Editorial Policy
Last updated July 11, 2026.
1. How listings are built
Every listing starts from a state bar's public roster: name, bar number, admission year, and standing. Population and geography figures come from the U.S. Census Bureau and the SimpleMaps U.S. cities dataset. Attorneys add the rest themselves by claiming their profile. Nothing on a listing is invented, and we never write a field in the attorney's voice.
2. How listings are ordered
Organic listings are ordered by a stated, mechanical rule (years licensed first), applied the same way to every attorney. Payment cannot change the organic order. Sponsored placements are separate slots and always labeled; the Advertising Disclosure covers them.
3. Verification cadence
Bar status is checked against the public roster when a listing is first published, and each state's roster is re-imported on a rolling basis, at least yearly. Every profile shows when its record was last verified. Between imports, the state bar's own site is always the current source, and every profile says so.

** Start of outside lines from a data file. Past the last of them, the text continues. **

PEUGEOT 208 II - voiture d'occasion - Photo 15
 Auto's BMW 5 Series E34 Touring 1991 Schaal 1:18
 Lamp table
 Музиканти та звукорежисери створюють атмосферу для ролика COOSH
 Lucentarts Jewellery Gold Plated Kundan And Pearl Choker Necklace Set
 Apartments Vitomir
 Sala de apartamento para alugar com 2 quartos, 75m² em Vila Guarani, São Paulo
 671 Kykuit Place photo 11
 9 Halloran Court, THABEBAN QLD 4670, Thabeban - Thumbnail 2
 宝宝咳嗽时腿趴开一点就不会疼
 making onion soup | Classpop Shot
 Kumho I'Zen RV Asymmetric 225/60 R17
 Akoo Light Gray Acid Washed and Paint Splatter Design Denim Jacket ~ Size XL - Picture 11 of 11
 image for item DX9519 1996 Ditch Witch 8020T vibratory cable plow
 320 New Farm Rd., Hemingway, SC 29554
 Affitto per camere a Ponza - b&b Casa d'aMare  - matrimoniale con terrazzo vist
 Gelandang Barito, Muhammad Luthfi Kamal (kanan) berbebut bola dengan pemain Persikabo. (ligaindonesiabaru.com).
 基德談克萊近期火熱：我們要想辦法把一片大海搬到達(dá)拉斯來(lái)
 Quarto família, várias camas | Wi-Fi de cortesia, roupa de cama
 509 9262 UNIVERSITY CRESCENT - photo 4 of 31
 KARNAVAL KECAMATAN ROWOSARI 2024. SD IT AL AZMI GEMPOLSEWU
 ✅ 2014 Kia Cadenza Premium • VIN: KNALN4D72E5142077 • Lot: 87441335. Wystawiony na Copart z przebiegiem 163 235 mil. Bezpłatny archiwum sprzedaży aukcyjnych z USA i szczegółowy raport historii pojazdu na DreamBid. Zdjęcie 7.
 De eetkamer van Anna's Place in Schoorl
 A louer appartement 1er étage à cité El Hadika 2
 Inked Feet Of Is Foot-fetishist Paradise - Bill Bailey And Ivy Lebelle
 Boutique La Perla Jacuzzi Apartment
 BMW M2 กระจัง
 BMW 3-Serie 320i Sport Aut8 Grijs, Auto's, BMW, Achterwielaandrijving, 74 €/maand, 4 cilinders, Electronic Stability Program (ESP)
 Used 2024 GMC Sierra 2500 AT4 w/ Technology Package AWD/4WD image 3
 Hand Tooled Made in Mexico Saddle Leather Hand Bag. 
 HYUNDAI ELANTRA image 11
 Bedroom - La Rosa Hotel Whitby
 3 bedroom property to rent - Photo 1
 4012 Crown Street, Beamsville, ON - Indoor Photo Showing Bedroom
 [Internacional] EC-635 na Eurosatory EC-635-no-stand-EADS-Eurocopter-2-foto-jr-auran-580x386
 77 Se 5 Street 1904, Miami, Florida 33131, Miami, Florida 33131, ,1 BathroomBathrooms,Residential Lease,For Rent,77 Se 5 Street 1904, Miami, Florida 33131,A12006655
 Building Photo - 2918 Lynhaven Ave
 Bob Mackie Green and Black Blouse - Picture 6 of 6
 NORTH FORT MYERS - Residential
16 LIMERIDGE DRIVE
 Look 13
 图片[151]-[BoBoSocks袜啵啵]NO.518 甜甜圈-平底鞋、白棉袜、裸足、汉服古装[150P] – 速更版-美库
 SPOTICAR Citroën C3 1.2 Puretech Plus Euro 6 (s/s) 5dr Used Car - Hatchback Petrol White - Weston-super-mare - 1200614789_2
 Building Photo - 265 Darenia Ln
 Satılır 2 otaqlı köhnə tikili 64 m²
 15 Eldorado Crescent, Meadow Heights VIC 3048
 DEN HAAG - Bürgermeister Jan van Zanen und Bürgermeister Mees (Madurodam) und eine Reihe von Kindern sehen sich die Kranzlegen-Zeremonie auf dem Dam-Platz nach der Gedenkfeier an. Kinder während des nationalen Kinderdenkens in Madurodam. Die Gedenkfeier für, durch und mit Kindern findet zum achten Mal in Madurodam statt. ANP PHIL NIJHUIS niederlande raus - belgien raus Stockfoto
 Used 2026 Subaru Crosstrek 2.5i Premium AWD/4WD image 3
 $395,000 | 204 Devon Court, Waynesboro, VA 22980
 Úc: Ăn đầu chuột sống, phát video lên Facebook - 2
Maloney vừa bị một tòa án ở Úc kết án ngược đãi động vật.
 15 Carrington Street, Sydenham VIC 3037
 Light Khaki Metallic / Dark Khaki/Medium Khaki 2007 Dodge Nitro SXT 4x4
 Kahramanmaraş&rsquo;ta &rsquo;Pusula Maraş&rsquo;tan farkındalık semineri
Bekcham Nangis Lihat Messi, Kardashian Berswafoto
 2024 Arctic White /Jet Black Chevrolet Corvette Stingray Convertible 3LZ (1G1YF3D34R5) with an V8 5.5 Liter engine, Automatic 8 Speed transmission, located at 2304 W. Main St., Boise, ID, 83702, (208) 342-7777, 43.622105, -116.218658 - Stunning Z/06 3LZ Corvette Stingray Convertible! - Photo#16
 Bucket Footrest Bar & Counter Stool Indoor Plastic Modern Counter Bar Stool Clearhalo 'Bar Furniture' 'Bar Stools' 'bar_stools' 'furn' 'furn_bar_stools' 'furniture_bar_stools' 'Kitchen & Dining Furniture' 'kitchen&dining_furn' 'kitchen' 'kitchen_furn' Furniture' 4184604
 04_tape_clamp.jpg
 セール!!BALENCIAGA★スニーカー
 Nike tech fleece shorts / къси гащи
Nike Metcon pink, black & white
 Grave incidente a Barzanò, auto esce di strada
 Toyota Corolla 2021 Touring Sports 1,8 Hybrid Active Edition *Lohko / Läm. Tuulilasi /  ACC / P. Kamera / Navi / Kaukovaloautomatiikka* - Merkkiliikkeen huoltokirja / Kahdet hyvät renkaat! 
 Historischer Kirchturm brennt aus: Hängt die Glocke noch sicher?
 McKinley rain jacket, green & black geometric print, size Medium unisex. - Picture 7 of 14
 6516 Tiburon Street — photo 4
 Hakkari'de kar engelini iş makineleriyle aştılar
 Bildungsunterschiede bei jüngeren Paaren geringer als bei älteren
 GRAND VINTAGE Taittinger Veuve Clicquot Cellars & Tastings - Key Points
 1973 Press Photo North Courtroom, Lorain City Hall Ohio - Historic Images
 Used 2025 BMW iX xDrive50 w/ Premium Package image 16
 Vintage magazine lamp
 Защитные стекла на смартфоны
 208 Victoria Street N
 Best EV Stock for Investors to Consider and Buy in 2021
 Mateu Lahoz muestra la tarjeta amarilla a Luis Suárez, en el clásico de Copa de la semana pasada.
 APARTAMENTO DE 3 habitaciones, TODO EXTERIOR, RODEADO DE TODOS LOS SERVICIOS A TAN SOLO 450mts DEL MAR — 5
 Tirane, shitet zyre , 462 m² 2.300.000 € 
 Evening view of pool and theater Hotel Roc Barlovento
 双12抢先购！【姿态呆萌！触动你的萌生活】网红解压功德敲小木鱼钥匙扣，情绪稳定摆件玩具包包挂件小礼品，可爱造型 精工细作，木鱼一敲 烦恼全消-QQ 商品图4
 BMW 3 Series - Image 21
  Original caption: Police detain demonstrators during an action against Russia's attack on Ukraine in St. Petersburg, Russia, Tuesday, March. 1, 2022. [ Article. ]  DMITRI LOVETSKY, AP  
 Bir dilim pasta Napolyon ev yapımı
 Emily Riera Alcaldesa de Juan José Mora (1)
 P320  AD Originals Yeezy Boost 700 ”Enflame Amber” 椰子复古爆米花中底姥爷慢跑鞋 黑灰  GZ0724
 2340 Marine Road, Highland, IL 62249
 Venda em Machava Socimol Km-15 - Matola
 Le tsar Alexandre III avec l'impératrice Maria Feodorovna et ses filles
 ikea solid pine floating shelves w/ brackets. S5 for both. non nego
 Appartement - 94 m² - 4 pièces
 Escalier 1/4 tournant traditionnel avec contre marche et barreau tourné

4. Guides and legal content
Guides answer the question in the first paragraph, cite primary sources (statutes, court rules, official fee schedules) for anything non-obvious, show published and updated dates, and route readers to a licensed attorney rather than giving advice. We are not lawyers and no guide pretends otherwise. When a statute or fee a guide depends on changes, the guide gets updated and its date gets bumped.
5. What we never do
- Scrape or republish attorney photos. Ever.
- Sell a position in the organic listing order.
- Publish a rating or superlative the data cannot back.
- Run undisclosed advertising.
- Publish templated filler pages; a page ships only when it has real data behind it.
6. Corrections
Factual errors get fixed within days of a verified report, and affected pages show an updated date. The correction path for listings is the Listing and Removal Policy; for everything else, the contact page.